The European Parliament has voted to extend the length of time that copyright protects sound recordings by 20 years. The compromise position backed by MEPs needs the approval of European Union member states to come into force.

The European Commission has long lobbied for copyright term extension from 50 years to 95 years. A report by Irish MEP Brian Crowley has suggested an extension to 70 years of protection.

That report was adopted at first reading by MEPs, who voted by 377 votes to 178 to back the proposal. It must now be approved by the Council of Ministers, but some countries are known to be hostile to any extension.

Crowley said that the reduced term extension contained in his proposed legislation was a recognition of the fact that some of the 27 EU member states did not approve of extension.

The legislation proposes that performers retain the right to be paid for 70 years after the release of a recording.

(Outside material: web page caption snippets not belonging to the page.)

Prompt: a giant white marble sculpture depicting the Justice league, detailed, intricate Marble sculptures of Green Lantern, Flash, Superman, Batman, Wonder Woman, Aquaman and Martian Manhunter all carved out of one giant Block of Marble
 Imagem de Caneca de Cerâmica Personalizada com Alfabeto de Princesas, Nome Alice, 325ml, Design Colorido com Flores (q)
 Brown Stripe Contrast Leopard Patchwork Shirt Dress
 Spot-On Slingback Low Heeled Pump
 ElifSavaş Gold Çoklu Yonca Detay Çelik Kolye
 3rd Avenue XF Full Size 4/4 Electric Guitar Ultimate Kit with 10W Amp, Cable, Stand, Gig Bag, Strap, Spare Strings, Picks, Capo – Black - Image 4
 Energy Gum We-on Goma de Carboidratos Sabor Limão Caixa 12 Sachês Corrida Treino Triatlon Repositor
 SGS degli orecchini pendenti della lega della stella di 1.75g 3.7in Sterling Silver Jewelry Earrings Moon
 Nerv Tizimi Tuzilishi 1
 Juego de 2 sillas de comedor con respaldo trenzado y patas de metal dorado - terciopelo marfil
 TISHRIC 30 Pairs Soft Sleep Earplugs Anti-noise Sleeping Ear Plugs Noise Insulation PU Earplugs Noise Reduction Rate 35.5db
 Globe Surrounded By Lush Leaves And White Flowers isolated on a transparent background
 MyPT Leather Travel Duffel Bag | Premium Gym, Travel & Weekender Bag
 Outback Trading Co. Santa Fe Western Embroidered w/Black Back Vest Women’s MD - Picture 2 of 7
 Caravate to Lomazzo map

Some of that money will go to the producers of recordings, since session players sign over their rights in exchange for a one-off playing fee.

Producers will have to set aside 20% of the income generated by the extra 20-year period of protection. This will be placed in a fund for session musicians which will be administered by music collecting societies.

The new law also includes a 'use it or lose it' clause by which players can regain control of recordings if they are not released to the public by producers. Once the initial 50 year term has expired, if producers are not still releasing work to the public the performers can complain.

If producers have not released it within a year of that complaint then they will lose their right to earn royalties from performances on the material.

The proposed changes relate to performances on recordings and not to the writing of the material. Writing royalties last for 70 years after the author or composer's death.

The Commission's 95 year proposal was a response to lobbying from the music industry and from artists led by Cliff Richard who argued that musicians should have the right to earn from old recordings until they die. The ending of the 50-year term on early rock and roll recordings brought the problem into focus.

The Commission's actions were sharply criticised, though, by an academic who had been commissioned by the body to investigate the effects of term extension. Director of the University of Amsterdam's Institute for Information Law (IViR) Professor Bernt Hugenholtz said that two studies the IViR carried out for the Commission were ignored.

Hugenholtz wrote an open letter to the Commission accusing it of "wilfully ignoring scientific analysis and evidence" in its policy making.

Hugenholtz said that industry-produced evidence and studies by interested parties were referenced by the Commission in its explanation of its policy decisions, but that its independent work was ignored.

"The Commission's obscuration of the IViR studies and its failure to confront the critical arguments made therein seem to reveal an intention to mislead the Council and the Parliament, as well as the citizens of the European Union," he said in the letter.